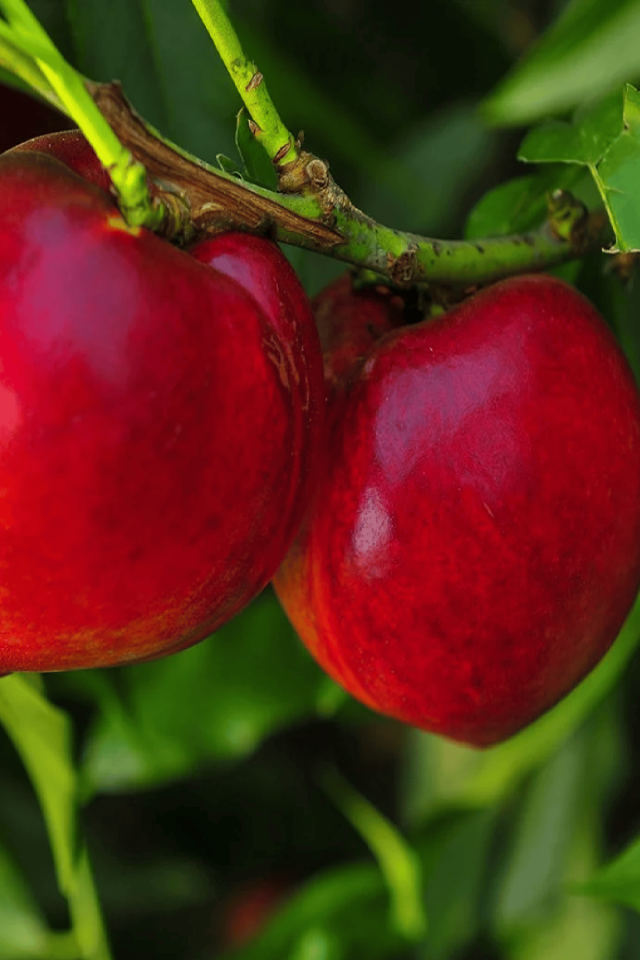 TÜPLÜ Bursa Kırmızı Nektarin Fidanı 3 Yaş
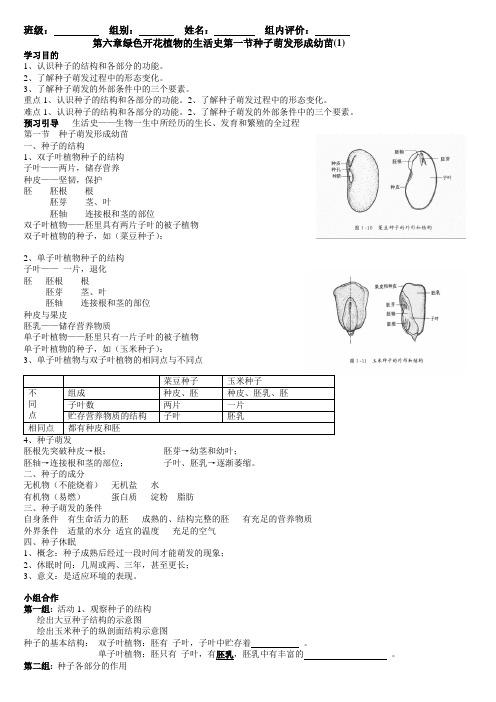 北师大版七年级生物上册第六章绿色开花植物的生活史导学案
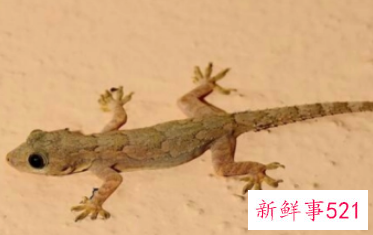 做梦壁虎掉身上有什么说法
*****
◆ WHAT THIS TASK INVOLVES
The material must be restated verbatim. Its pictures must be omitted.

◆ ANSWER TO THIS PROBLEM
 TÜPLÜ Bursa Kırmızı Nektarin Fidanı 3 Yaş
 北师大版七年级生物上册第六章绿色开花植物的生活史导学案
 做梦壁虎掉身上有什么说法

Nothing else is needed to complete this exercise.